This function replaces specific values of a variable, data frame or list of variables with missings (NA).

Usage

set_na(x, value, drop.levels = TRUE, as.tag = FALSE)
set_na(x, drop.levels = TRUE, as.tag = FALSE) <- value

Arguments

x
Variable (vector), data frame or list of variables where new missing values should be defined. If x is a data.frame, each column is assumed to be a new variable, where missings should be defined.
value
Numeric vector with values that should be replaced with NA values, or a character vector if values of factors or character vectors should be replaced. For labelled vectors, may also be the name of a value label. In this case, the associated values for the value labels in each vector will be replaced with NA (see 'Examples').
drop.levels
Logical, if TRUE, factor levels of values that have been replaced with NA are dropped. See 'Examples'.
as.tag
Logical, if TRUE, values in x will be replaced by tagged_na, else by usual NA values. Use a named vector to assign the value label to the tagged NA value (see 'Examples').

Value

x, with all elements of value being replaced by NA.

Details

set_na converts all values defined in value with a related NA or tagged NA values (see tagged_na). Tagged NAs work exactly like regular R missing values except that they store one additional byte of information: a tag, which is usually a letter ("a" to "z") or character number ("0" to "9"). Furthermore, see 'Details' in get_na.

See Also

replace_na to replace NA's with specific values, rec for general recoding of variables and recode_to for re-shifting value ranges. See get_na to get values of missing values in labelled vectors.

Examples

Run this code
# create random variable
dummy <- sample(1:8, 100, replace = TRUE)
# show value distribution
table(dummy)
# set value 1 and 8 as missings
dummy <- set_na(dummy, c(1, 8))
# show value distribution, including missings
table(dummy, useNA = "always")

# add named vector as further missing value
set_na(dummy, c("Refused" = 5), as.tag = TRUE)
# see different missing types
library(haven)
print_tagged_na(set_na(dummy, c("Refused" = 5), as.tag = TRUE))


# create sample data frame
dummy <- data.frame(var1 = sample(1:8, 100, replace = TRUE),
                    var2 = sample(1:10, 100, replace = TRUE),
                    var3 = sample(1:6, 100, replace = TRUE))
# set value 2 and 4 as missings
library(dplyr)
dummy %>% set_na(c(2, 4)) %>% head()
dummy %>% set_na(c(2, 4), as.tag = TRUE) %>% get_na()
dummy %>% set_na(c(2, 4), as.tag = TRUE) %>% get_values()

# create list of variables
data(efc)
dummy <- list(efc$c82cop1, efc$c83cop2, efc$c84cop3)
# check original distribution of categories
lapply(dummy, table, useNA = "always")
# set 3 to NA
lapply(set_na(dummy, 3), table, useNA = "always")

# drop unused factor levels when being set to NA
x <- factor(c("a", "b", "c"))
x
set_na(x, "b", as.tag = TRUE)
set_na(x, "b", drop.levels = FALSE, as.tag = TRUE)
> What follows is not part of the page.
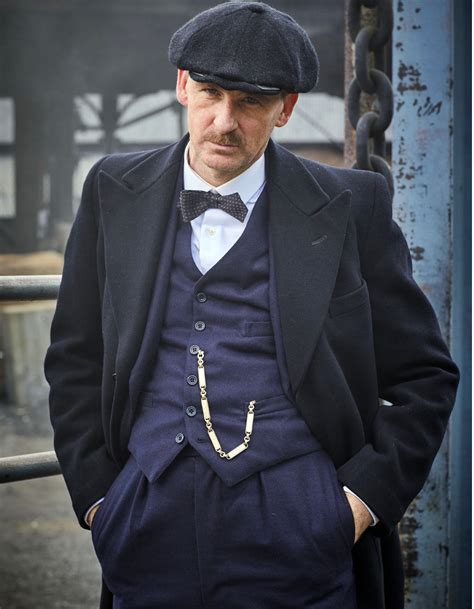 Mens Peaky Blinders Arthur Shelby Vested Navy Suit With Black Overcoat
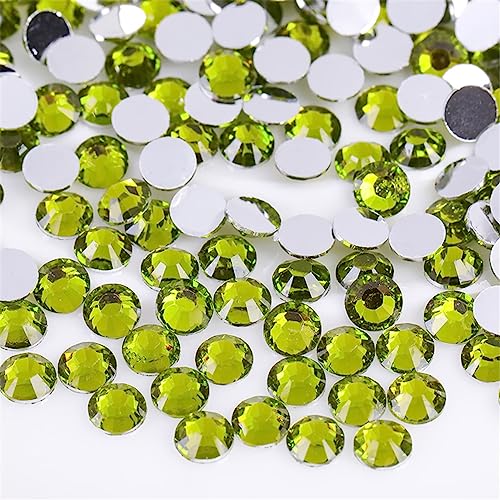 Image of 3000 Pieces SS6 2mm Flatback Rhinestones Clear Glass Round Gems Crystals for Nail Art DIY Crafts Clothes Shoes Bags (Olive Green)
# set_na() can also remove a missing by defining the value label
# of the value that should be replaced with NA. This is in particular
# helpful if a certain category should be set as NA, however, this category
# is assigned with different values accross variables
x1 <- sample(1:4, 20, replace = TRUE)
x2 <- sample(1:7, 20, replace = TRUE)
set_labels(x1) <- c("Refused" = 3, "No answer" = 4)
set_labels(x2) <- c("Refused" = 6, "No answer" = 7)

tmp <- data.frame(x1, x2)
get_labels(tmp)
get_labels(set_na(tmp, "No answer"))
get_labels(set_na(tmp, c("Refused", "No answer")))

# show values
tmp
set_na(tmp, c("Refused", "No answer"))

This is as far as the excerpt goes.